Ahead of a trip to Turkey on Tuesday, UNRWA's Commissioner-General Pierre Krahenbuhl voiced hope his meetings with Turkish officials and development agencies could open up new opportunities for partnership, especially before Turkey takes a key role as Vice-Chair of the agency's Advisory Commission next year.
"Turkey has been supportive of UNRWA activities, in particular through a mix of food assistance and cash support to our organization but we’re very keen to see what other opportunities there would be and would exist in the future," Krahenbuhl said.
“I’m very keen to look at areas of mutual interest in education but I know that historically there has been a strong focus on Gaza and the tension there, so if we can expand further the areas of cooperation in that regard, that would be very welcome,” he said.

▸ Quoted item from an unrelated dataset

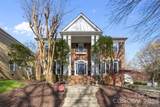 7100 Prescott Pond Lane - Photo 3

UNRWA works with more than five million Palestinian refugees across the occupied Palestinian territories, Jordan, Syria and Lebanon but has struggled with funding instability, almost leading to the start of the school year being delayed last year, with an expected $115 million funding shortfall next year.
With much of world attention focused on other crises in the Middle East, Krahenbuhl said UNRWA has had to work to raise awareness about Palestinian refugees to ensure they do not fall off the international agenda at a time when many in Syria and the blockaded Gaza Strip remain especially vulnerable.
“This is certainly an area where I’m very interested to have Turkey’s voice heard in these debates,” he said.
"For me, it’s just important that the historic support and focus that Turkey has on the issue of Palestine and Palestinian refugees remains. And I think from everything that I’m seeing in the preparation of this visit, the signs are very strong in the regard,” said Krahenbuhl, who will also brief Turkish officials on UNRWA's work with Palestinian refugees during his trip.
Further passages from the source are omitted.